O governo federal assegurou o registro do Pix, o sistema de pagamentos instantâneos desenvolvido pelo Banco Central (BC), como uma marca de alto renome junto ao Instituto Nacional da Propriedade Industrial (INPI). Este reconhecimento confere ao Pix a mais elevada proteção legal disponível para uma marca e seu símbolo, conforme a Lei da Propriedade Industrial.
O anúncio foi feito pelo ministro Márcio Elias Rosa, do Desenvolvimento, Indústria, Comércio e Serviços (MDIC), durante uma reunião do Conselho de Desenvolvimento Econômico Social Sustentável, conhecido como Conselhão. A decisão visa blindar o sistema contra possíveis infrações em qualquer segmento de mercado.
O que são marcas de alto renome
Marcas de alto renome são aquelas amplamente reconhecidas pelo público devido à sua reputação, prestígio e confiabilidade. A Lei da Propriedade Industrial (Lei nº 9.279/1996) prevê uma proteção especial para estas marcas.
Com essa designação, o Pix estará protegido em todos os ramos econômicos, independentemente da categoria de produtos ou serviços para a qual foi originalmente concebido. A oficialização do reconhecimento deve ocorrer na próxima publicação da Revista da Propriedade Industrial (RPI), o diário oficial do INPI.
Repercussão internacional e ataques
Recentemente, o sistema Pix tem sido objeto de críticas por parte do governo dos Estados Unidos. Um relatório do escritório do Representante Comercial dos EUA (USTR) apontou que o Pix estaria prejudicando, de forma considerada injusta, empresas americanas que atuam no setor de serviços de pagamento eletrônico, como MasterCard, Visa e WhatsApp Pay.
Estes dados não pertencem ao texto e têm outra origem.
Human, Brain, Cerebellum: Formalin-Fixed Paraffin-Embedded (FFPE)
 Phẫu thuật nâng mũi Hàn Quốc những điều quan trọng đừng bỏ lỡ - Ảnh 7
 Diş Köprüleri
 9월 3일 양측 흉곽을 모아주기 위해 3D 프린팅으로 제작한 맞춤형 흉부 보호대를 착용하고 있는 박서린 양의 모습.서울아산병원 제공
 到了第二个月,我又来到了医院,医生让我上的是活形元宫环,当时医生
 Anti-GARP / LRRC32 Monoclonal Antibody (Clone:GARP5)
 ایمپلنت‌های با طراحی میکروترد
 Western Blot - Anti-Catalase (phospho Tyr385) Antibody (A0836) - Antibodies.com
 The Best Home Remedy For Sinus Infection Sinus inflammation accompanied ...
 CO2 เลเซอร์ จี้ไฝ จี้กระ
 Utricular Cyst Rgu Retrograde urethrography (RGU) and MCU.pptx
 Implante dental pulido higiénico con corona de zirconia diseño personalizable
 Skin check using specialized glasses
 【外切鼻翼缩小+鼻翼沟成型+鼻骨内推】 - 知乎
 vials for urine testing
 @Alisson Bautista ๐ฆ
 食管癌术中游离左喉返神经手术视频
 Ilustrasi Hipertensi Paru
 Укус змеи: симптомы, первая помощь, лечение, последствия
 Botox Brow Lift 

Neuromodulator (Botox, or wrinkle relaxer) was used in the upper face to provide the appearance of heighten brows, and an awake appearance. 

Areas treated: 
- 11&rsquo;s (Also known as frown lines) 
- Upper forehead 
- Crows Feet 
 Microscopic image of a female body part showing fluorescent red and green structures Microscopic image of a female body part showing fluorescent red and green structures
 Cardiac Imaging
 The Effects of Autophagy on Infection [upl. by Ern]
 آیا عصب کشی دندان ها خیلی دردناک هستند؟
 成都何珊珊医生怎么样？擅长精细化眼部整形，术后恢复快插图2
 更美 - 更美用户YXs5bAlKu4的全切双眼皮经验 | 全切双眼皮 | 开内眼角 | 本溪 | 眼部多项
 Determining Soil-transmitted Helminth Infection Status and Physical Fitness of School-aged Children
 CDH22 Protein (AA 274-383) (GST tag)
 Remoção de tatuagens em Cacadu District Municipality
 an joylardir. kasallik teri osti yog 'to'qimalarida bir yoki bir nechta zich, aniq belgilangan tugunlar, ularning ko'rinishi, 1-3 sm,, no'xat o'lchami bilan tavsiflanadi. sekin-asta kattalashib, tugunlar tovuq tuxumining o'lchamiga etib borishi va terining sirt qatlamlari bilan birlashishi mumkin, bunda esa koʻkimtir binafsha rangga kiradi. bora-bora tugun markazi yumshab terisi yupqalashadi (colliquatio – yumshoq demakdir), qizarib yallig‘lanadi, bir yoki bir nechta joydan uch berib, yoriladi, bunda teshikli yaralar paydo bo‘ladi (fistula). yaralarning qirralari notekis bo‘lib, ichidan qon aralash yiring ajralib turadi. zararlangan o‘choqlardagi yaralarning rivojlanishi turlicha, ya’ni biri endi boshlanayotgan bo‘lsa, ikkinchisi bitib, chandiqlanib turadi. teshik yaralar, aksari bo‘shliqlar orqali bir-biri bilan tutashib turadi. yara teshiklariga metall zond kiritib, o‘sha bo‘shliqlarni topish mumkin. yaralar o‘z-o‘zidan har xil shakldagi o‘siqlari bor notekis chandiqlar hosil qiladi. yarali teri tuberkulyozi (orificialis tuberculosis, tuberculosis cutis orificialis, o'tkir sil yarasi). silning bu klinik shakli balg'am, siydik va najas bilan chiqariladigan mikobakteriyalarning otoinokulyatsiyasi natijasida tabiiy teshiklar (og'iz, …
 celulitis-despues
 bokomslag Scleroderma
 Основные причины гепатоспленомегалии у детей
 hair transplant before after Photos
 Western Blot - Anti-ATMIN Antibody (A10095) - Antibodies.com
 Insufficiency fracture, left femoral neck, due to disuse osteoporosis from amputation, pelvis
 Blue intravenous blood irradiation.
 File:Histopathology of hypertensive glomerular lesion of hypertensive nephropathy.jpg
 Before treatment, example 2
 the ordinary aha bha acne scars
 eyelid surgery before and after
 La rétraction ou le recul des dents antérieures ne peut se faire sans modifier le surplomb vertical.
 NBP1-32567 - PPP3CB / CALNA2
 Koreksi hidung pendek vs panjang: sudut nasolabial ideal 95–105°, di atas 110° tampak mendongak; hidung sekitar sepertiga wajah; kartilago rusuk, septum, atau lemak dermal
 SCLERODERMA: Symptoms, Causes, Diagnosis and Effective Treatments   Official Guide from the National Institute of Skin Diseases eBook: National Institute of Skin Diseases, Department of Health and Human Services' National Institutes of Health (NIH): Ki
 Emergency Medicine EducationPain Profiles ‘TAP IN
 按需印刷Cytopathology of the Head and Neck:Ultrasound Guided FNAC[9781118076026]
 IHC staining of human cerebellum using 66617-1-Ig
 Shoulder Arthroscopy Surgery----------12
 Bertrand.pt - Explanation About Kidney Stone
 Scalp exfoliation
O relatório sugeriu medidas como a imposição de uma taxa de 25% sobre produtos brasileiros, alegando práticas comerciais desleais. Essa postura gerou reações do governo brasileiro.
O presidente Luiz Inácio Lula da Silva defendeu o Pix, destacando que o sistema é brasileiro, gratuito e rápido, superando em movimentação financeira as tradicionais bandeiras de cartão de crédito. Ele afirmou que a gratuidade e a eficiência do Pix podem impactar os negócios de empresas americanas no Brasil.
“A preocupação dos americanos é que o Pix pode abalar muito as empresas do cartão de crédito deles que estão aqui no Brasil. Acham que o Pix vai acabar com isso; e o Pix vai acabar mesmo, porque o Pix é de graça e é público e ninguém paga nada. É só clicar o Pix e tá resolvido o nosso problema”, declarou Lula em um evento em Goiás no início de junho.